═══ Information ═══

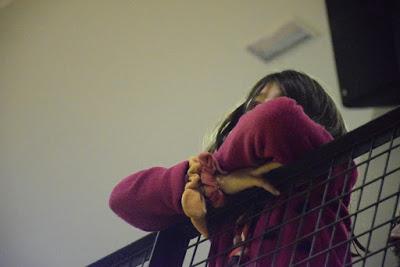 Galería de clics del Lima Horta Bàsquet-Bàsquet Femení Sant Adrià (Liga Femenina 2) Galería de clics del Lima Horta Bàsquet-Bàsquet Femení Sant Adrià (Liga Femenina 2)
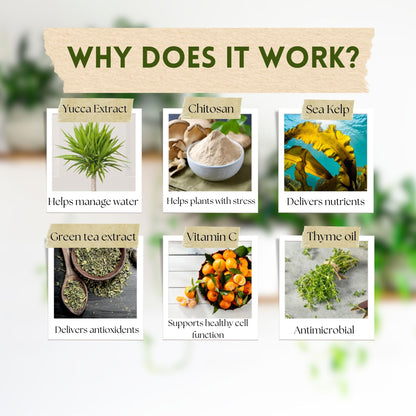 Super Growth Elixir - Total Plant Health Spray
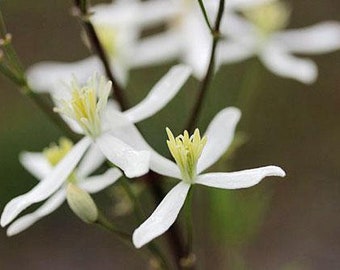 Clematis recta | Upright Clematis | Ground Virginsbower | 10 Seeds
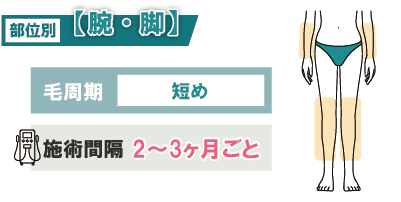 【腕・脚】毛周期が短く早く効果が出やすい部位
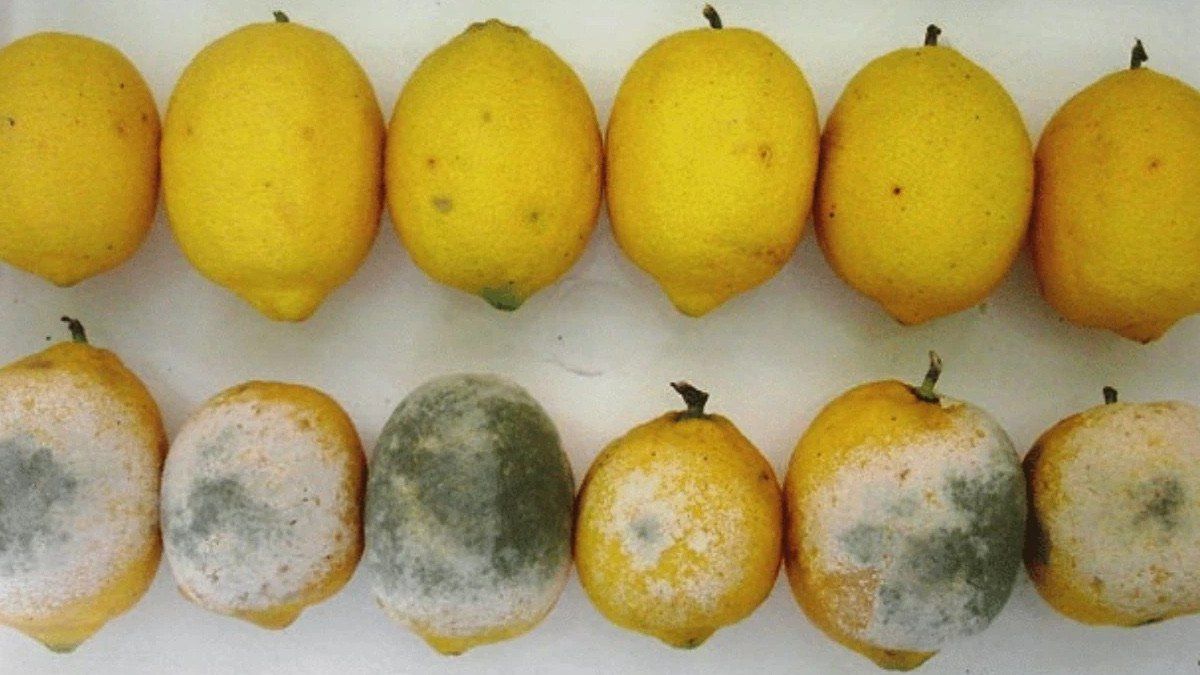 Bu üsulla limon daha təzə və sulu  qalacaq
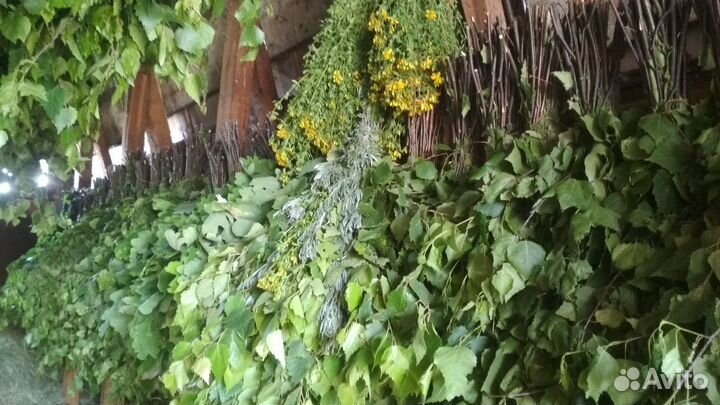 Банные веники Канадский,Чашуйчатый Дуб,Берёз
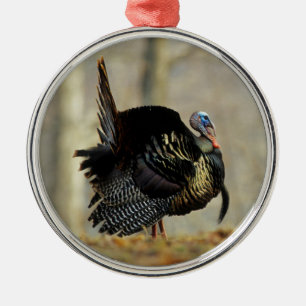 Male turkey strutting, Illinois Metal Ornament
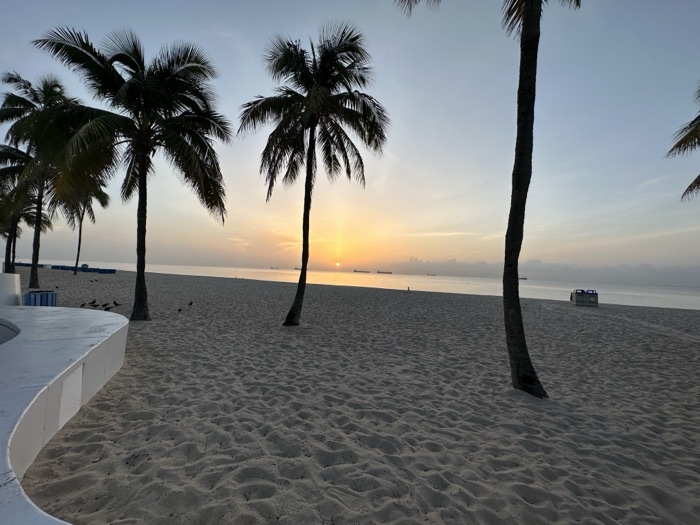 Palm trees at sunrise on a Florida beach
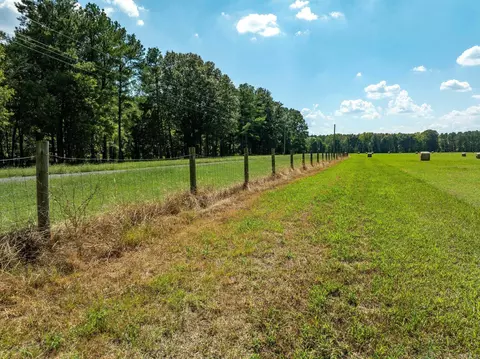 000 Sunshine Ln, Pangburn, AR 72121 photo 20
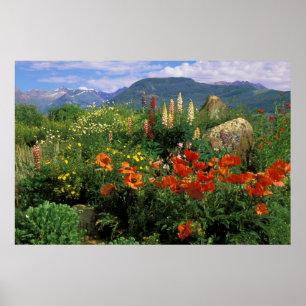 USA, Colorado, Crested Butte. Vallmo och lupin Poster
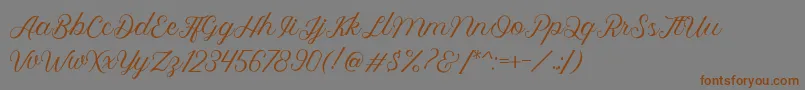 Fonte Royalite Script – fontes marrons em um fundo cinza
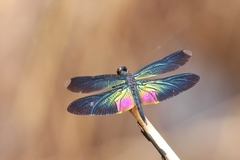 Rhyothemis plutonia
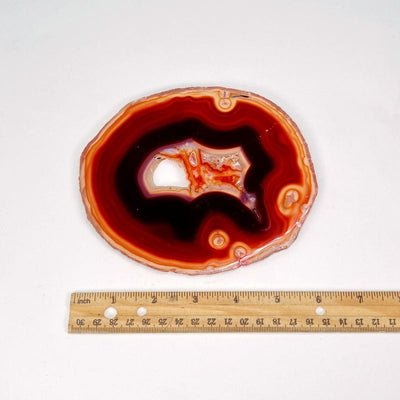 red agate slice next to a ruler for size reference 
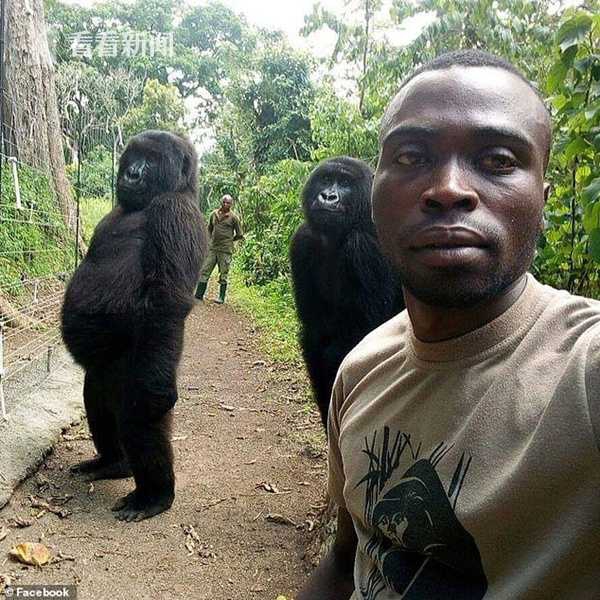 長風有歸處by語笑闌珊百度云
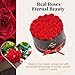 Changshunqi Forever Flowers Preserved Roses, 27 Roses Preserved Flowers in Box for Delivery Women Birthday Gifts Eternal Rose Flowers Gifts for Mom Grandma Her Wife Anniversary Mother's Day Girlfriend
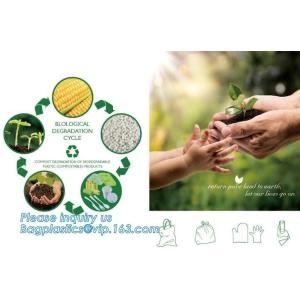 FDA CERTIFICATE BIODEGRADABLE WHEAT STRAW PLATE, Dinner Plate Wheat Straw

═══

_Directions:_
A word-for-word copy of the records is needed, one that contains no pictures.

_Final answer:_
 Galería de clics del Lima Horta Bàsquet-Bàsquet Femení Sant Adrià (Liga Femenina 2) Galería de clics del Lima Horta Bàsquet-Bàsquet Femení Sant Adrià (Liga Femenina 2)
 Super Growth Elixir - Total Plant Health Spray
 Clematis recta | Upright Clematis | Ground Virginsbower | 10 Seeds
 【腕・脚】毛周期が短く早く効果が出やすい部位
 Bu üsulla limon daha təzə və sulu  qalacaq
 Банные веники Канадский,Чашуйчатый Дуб,Берёз
 Male turkey strutting, Illinois Metal Ornament
 Palm trees at sunrise on a Florida beach
 000 Sunshine Ln, Pangburn, AR 72121 photo 20
 USA, Colorado, Crested Butte. Vallmo och lupin Poster
 Fonte Royalite Script – fontes marrons em um fundo cinza
 Rhyothemis plutonia
 red agate slice next to a ruler for size reference 
 長風有歸處by語笑闌珊百度云
 Changshunqi Forever Flowers Preserved Roses, 27 Roses Preserved Flowers in Box for Delivery Women Birthday Gifts Eternal Rose Flowers Gifts for Mom Grandma Her Wife Anniversary Mother's Day Girlfriend
 FDA CERTIFICATE BIODEGRADABLE WHEAT STRAW PLATE, Dinner Plate Wheat Straw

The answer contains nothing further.